In the show, this moment requires a bit of suspension of disbelief – we’re meant to rationalise that Ramsay Bolton is actually incompetent enough not to have someone in a tower that might notice three thousand or so knights moving moving at a brisk trot across a large, open plain. In the game, Ollie has had to suspend belief because my boar-knights in dank armour have quite obviously been lurking in a corner of the battlefield, waiting for the right time to pounce. Which they do, and it’s quite satisfying.
With the spearmen routed by the Boars of the Vale, OrcJon, Wun-Wun, and another commander who was too unimportant to mention until now, head off in chilly pursuit.
Unfortunately for Wun-Wun, his commander has seen fit to charge his unarmoured main battle-asset straight into a line of archers, which goes as well as you’d expect for the giant.
So now it’s time for the final showdown.
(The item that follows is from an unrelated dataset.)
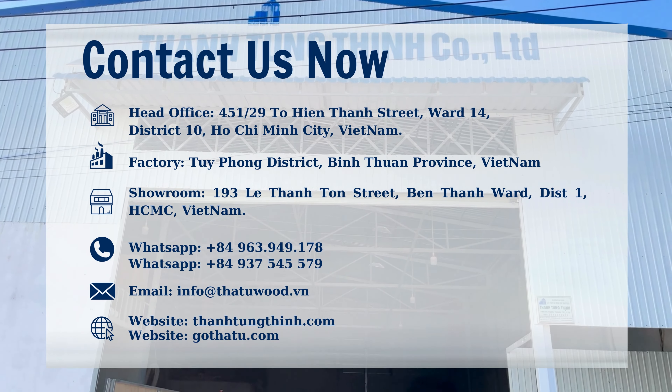Two teams specialize in analyzing the wood market with small and trending models, and we have used suitable products to increase sales revenue significantly.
I clean up the archers with a few spare orcs and boar-cavalry, and OrcJon is left to face down… ShinyRamsay.
In the show, the Battle of the Bastards ends with Jon beating the living snot out of Ramsay. In our re-enactment, our leaders fight, but OrcJon is so wrecked from being riddled with arrows, lanced in the knee, and speared multiple times that he breaks and runs for his life, leaving ShinyRamsay to glory in victory – for about five seconds, until my remaining cavalry come in and stomp him good and dead.
At the end of it, our renactment turns out to be an educational experience. I get to play an excellent new game, and we discover that, even with the Knights of the Vale, there is absolutely no way that Jon could actually have won the Battle of the Bastards without Ramsay actively trying to lose. From the moment he gallops out into a rain of arrows he’s boned. In fact, ShinyRamsay wins all of our prior warm-up matches, even though Ollie’s doing his best to rig it so I win.
But that, of course, wouldn’t have made good TV. Far better to turn the characters into complete idiots so the plot can swoop in and save them. That’s entertainment!